TASK DESCRIPTION: For the data below, tally how many lines contain "Shirt" and answer only with that tally.

**********

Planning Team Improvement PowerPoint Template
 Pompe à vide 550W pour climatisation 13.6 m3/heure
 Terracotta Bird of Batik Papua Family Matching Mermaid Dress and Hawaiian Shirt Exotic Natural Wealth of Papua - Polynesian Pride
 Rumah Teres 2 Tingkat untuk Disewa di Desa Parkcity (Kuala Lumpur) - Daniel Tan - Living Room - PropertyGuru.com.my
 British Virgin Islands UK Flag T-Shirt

**********

FINISHED EXERCISE: 2